▶ The data
○ ○ ○ ○ ○ ○ ○

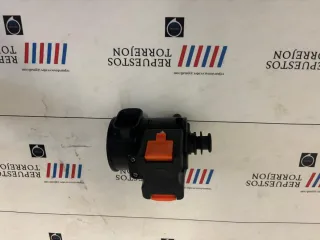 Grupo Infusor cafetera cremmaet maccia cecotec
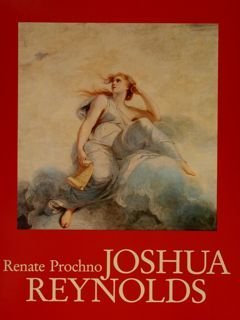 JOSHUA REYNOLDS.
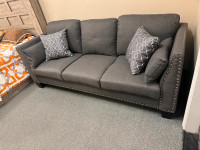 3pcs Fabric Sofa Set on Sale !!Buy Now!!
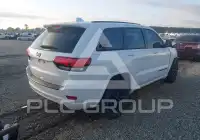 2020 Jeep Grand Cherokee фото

○ ○ ○ ○ ○ ○ ○

Please set down every line of the listing verbatim, excluding its pictures.

▶ Output of the task
 Grupo Infusor cafetera cremmaet maccia cecotec
 JOSHUA REYNOLDS.
 3pcs Fabric Sofa Set on Sale !!Buy Now!!
 2020 Jeep Grand Cherokee фото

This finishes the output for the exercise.